You've spent four years or more building your knowledge and perhaps even earned a high GPA. So why aren't employers clamoring for your services? The problem you and other new graduates face is that hiring managers are more interested in what you can do for them than what you did in school. So use your resume to convince employers that your academic success is transferable to the workplace.
What's Your Goal?
It's important for recent grads to provide a targeted resume objective. The resume objective can be stated in a formal objective section or referenced in a qualifications summary. Whichever approach you choose, avoid flowery or generalized objectives that are too commonly used by new graduates. For example:
Bad: Seeking a challenging position with a progressive company that will offer opportunity for growth and advancement.
Good: Honors graduate of ABC College's speech communication program seeking a position in training and development. Offer hands-on experience in classroom teaching, corporate training and communication research.
If you have more than one possible career objective, develop variations of your resume, each one targeted to a different goal.
Emphasize Academic Credentials
If your related work history is minimal, place your education before work experience. On Monster's Resume Builder, use the Career Objective field to mention your educational credentials.
List academic honors such as dean's list, distinctions such as summa cum laude, scholarships and other awards. As a general guideline, list your GPA if it's at least 3.0 on a 4.0 scale. If you have a low GPA, use your major GPA if it's higher than your overall GPA.
Consider adding a list of related courses in your education section so hiring managers can see that you have a strong academic foundation.
Highlight Educational Experiences
When reviewing your resume, hiring managers want to understand what type of worker you would be if they hired you. So describe educational experiences such as internships, practicums, class projects and even volunteer activities as if they were paid work experiences.
If you lack work experience related to your goal, include your internships and practicums in your experience section. Give examples of actual assignments, challenges you faced, your contribution, and the results and benefits to the employer.
When describing unrelated jobs, keep the descriptions to a minimum. For example, if you waited tables to help pay for college but your goal is software engineering, you don't need to provide a description of your day-to-day food-service responsibilities. Just include your employer's name, location, job title and dates. You can briefly include any extra responsibilities you were given as a result of your performance or special recognition (such as Employee of the Month) to help demonstrate your strong work ethic.
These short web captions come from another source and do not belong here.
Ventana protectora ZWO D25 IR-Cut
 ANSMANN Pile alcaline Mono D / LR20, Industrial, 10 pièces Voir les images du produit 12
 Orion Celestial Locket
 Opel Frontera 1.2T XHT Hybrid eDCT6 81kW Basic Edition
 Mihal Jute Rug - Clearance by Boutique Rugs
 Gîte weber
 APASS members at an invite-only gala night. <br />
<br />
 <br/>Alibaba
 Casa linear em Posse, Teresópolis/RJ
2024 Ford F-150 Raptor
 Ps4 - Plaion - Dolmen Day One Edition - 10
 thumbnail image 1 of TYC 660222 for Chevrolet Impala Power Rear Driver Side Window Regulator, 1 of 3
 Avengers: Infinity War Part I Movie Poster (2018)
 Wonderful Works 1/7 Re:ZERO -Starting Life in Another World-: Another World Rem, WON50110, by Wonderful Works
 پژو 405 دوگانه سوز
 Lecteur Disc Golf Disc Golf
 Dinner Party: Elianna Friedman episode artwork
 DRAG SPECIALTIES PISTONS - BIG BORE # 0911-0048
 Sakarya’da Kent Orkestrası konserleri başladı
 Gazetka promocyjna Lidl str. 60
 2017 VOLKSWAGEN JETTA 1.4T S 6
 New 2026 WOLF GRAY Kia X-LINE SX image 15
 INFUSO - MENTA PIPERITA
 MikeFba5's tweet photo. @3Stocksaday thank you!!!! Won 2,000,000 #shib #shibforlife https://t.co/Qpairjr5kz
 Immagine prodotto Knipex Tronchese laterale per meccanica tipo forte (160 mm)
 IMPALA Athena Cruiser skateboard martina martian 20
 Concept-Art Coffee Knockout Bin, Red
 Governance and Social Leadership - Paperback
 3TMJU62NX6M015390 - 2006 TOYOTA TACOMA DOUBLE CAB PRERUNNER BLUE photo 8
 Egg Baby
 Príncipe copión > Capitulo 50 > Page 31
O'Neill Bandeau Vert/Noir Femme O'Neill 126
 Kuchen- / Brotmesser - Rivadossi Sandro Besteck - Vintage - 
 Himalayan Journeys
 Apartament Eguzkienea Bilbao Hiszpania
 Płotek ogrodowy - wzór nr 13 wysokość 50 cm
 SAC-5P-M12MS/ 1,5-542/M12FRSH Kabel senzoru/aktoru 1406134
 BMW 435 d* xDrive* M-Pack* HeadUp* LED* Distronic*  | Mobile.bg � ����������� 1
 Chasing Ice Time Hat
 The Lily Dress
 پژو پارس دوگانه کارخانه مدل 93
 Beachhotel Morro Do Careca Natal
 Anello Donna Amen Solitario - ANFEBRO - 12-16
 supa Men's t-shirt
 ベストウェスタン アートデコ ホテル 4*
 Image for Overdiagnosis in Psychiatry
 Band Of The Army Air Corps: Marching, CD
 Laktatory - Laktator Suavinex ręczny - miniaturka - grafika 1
Your resume should be optimized for keywords to ensure you are found in an electronic applicant search. Keywords are buzzwords that an employer would use to find a match for a job opening. Job titles, educational credentials, certifications and skills are all possible keywords.
A great way to start considering the right keywords for your occupation is to review job listings for your ideal position. Look at the requirements, and if you see certain terms used frequently, they should probably be in your resume.
Pick the Resume Format That Works for You
A traditional chronological resume format, which emphasizes employment history, doesn't usually work for recent graduates. You will need to highlight your academic foundation, motivation to succeed in your field and the key skills that would help employers achieve their objectives. Many new graduates prefer to use a combination or functional resume to relay their key qualifications.